16.1. This DPA does not create any separate liability, indemnity, exclusion, limitation or cap regime between the Parties.

16.2. Any liability, indemnification, exclusion, limitation, cap, remedy, clawback, refund, set-off or allocation of risk arising out of or relating to this DPA, the Services, the ADN SDK, Publisher Properties, Personal Data, privacy, data protection, security, international processing, Personal Data Breaches, audits, Data Subject requests, platform claims, advertiser claims or regulatory claims is governed exclusively by the Publisher Agreement.

16.3. Nothing in this DPA limits any mandatory rights of Data Subjects or any mandatory liability that cannot be excluded or limited under Applicable Privacy Laws.

17. Term and Termination

17.1. This DPA remains in force for as long as ADN processes Personal Data in connection with the Services.

17.2. Termination or expiry of the Publisher Agreement automatically terminates this DPA in respect of that Publisher Agreement, except for provisions that by their nature should survive, including confidentiality, retention, deletion, international processing, audit restrictions, liability, dispute resolution and provisions relating to ADN's independent controller processing.

17.3. ADN may retain Personal Data after termination to the extent permitted or required for billing, payment, tax, accounting, legal compliance, fraud prevention, traffic quality control, security, dispute handling, enforcement of rights, audit, backup or other legitimate business purposes.
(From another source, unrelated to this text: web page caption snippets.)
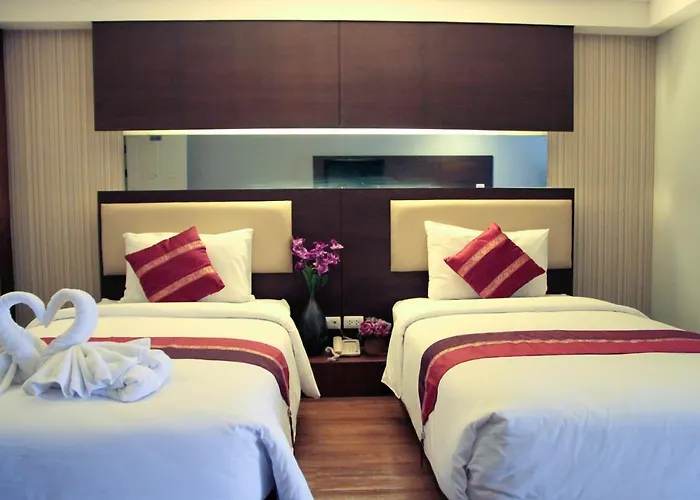 Grand Tara Garden Thai Hotel 5*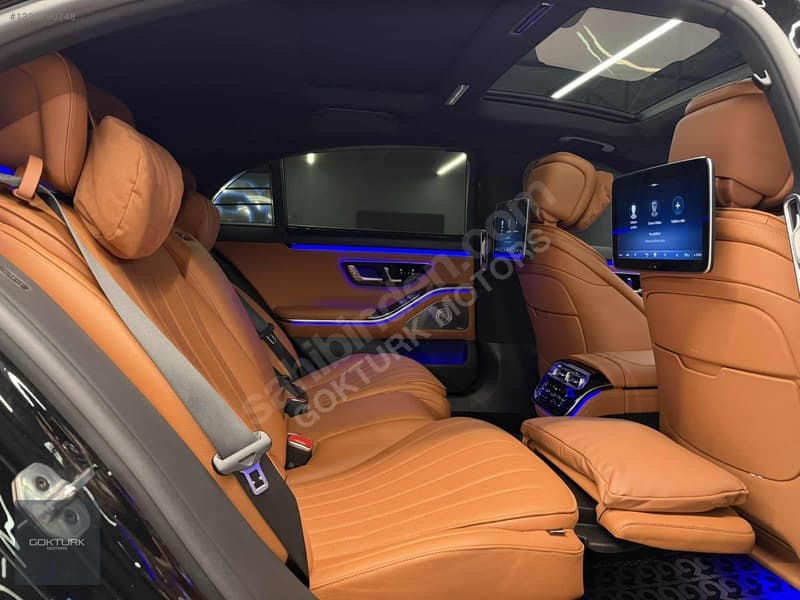 Mercedes-Benz S Serisi S 450 d Inspiration — 17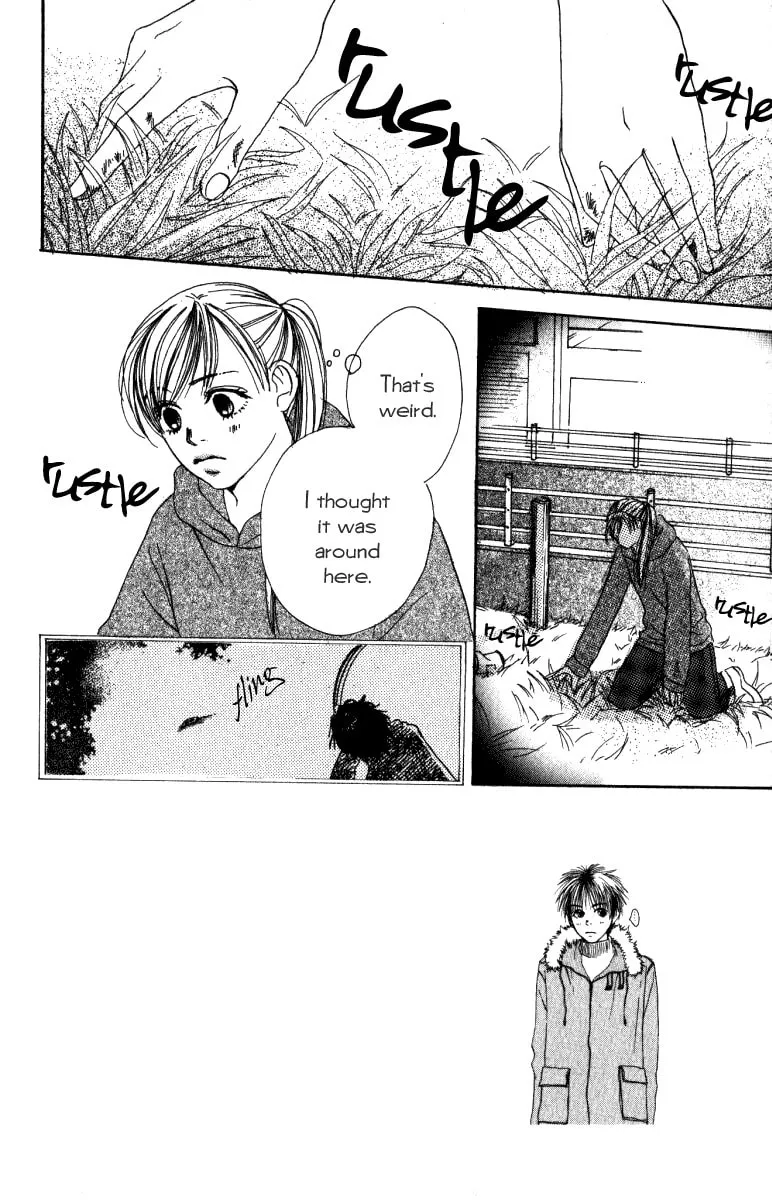 Read Ringo Nikki chapter 7 image 1 on Lezhin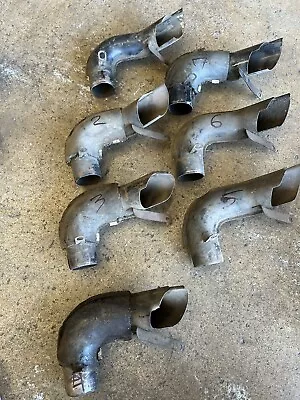 OEM German Engine Preheat Elbow Volkswagen VW Type1 Bug Type2 Bus Ghia Single • $25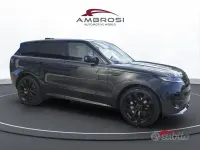 Uusi Land Rover Range Rover Sport 460 HP (338 kW) 2026 Harmaa Katumaasturi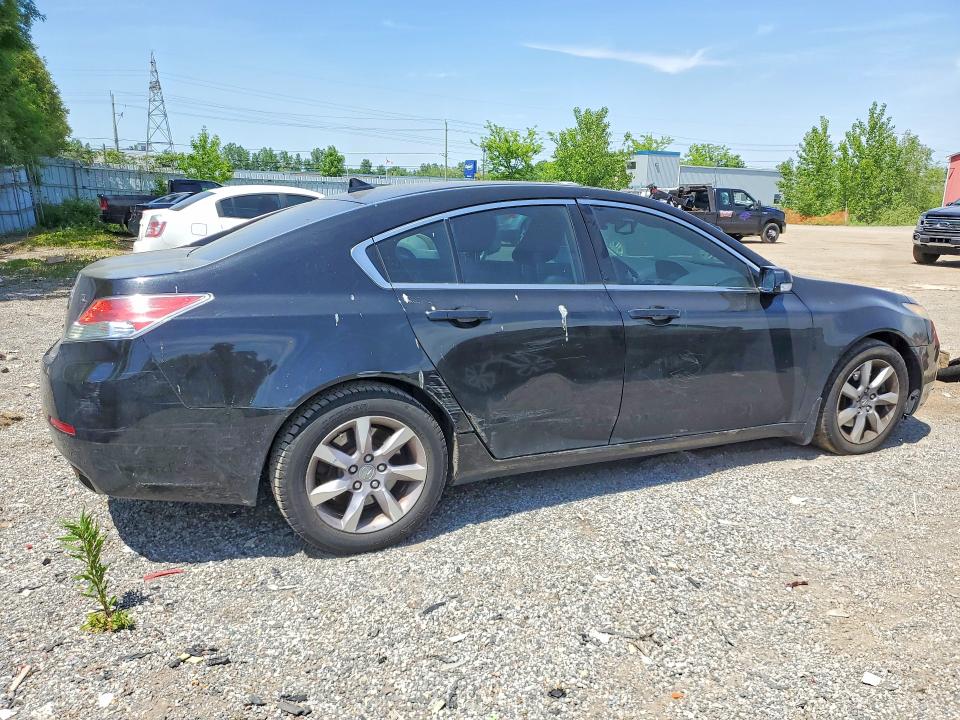 Продажа на аукционе авто 2013 Acura Tl, vin: 19UUA8F27DA800026, номер лота: 55142526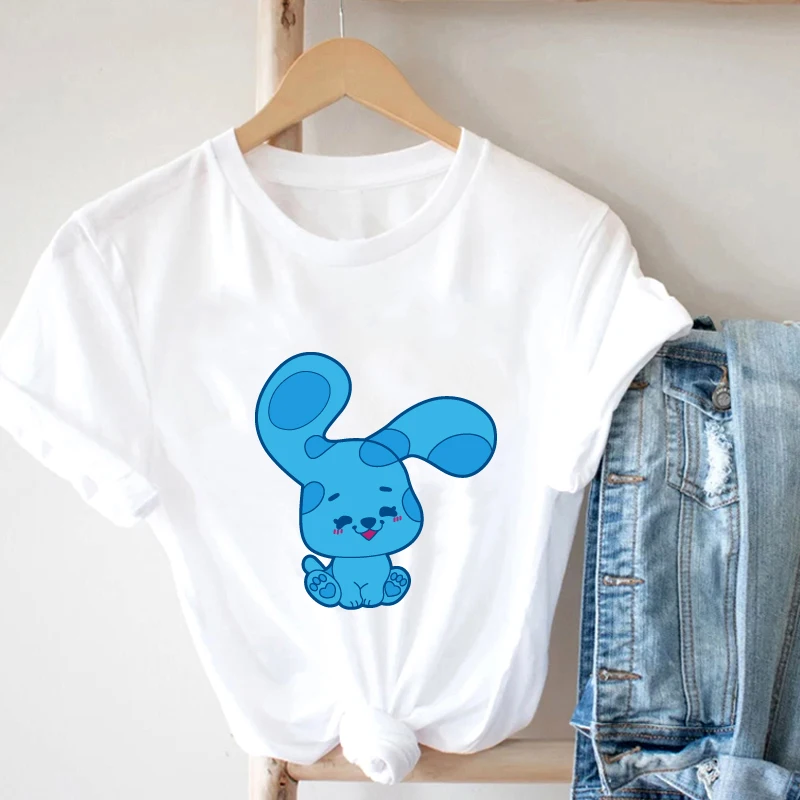 Kawaii Summer Woman T-Shirts Grunge Clothes Women's Summer T-Shirts A Spotted Bunny With Oversized Ears Sitting Funny T-Shirts
Kawaii Summer Woman T-Shirts Grunge Clothes Women's Summer T-Shirts A Spotted Bunny With Oversized Ears Sitting Funny T-Shirts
17.4. Upon termination or suspension of the Publisher Agreement or relevant Services, Publisher must promptly stop using the ADN SDK in the affected Publisher Properties and remove or disable the ADN SDK where required by ADN.

18. Miscellaneous

18.1. ADN may update this DPA where reasonably necessary to reflect changes in Applicable Privacy Laws, platform rules, partner requirements, Services, SDK functionality, technical architecture, security standards, signal frameworks, industry standards or operational practices.

18.2. ADN will notify Publisher of material changes by reasonable means. Changes required to comply with Applicable Privacy Laws, platform requirements, security requirements, SDK requirements, signal requirements or partner requirements may take effect immediately. Other material changes will take effect no earlier than fifteen (15) days after notice. If Publisher objects to a change that is necessary for compliance or service continuity, ADN may suspend or terminate the affected Services in accordance with the Publisher Agreement. For clarity, any amendment, replacement or update of this DPA made in accordance with this Section 18 does not require a separate written amendment signed by the Parties.

18.3. If any provision of this DPA is invalid or unenforceable, the remaining provisions remain in effect and the invalid or unenforceable provision will be replaced by a valid provision that most closely reflects the original commercial and legal intent.

18.4. ADN's failure to enforce any provision of this DPA is not a waiver.

18.5. Notices relating to this DPA must be sent to the contacts set out in the Publisher Agreement and will be deemed received in accordance with the notice provisions of the Publisher Agreement.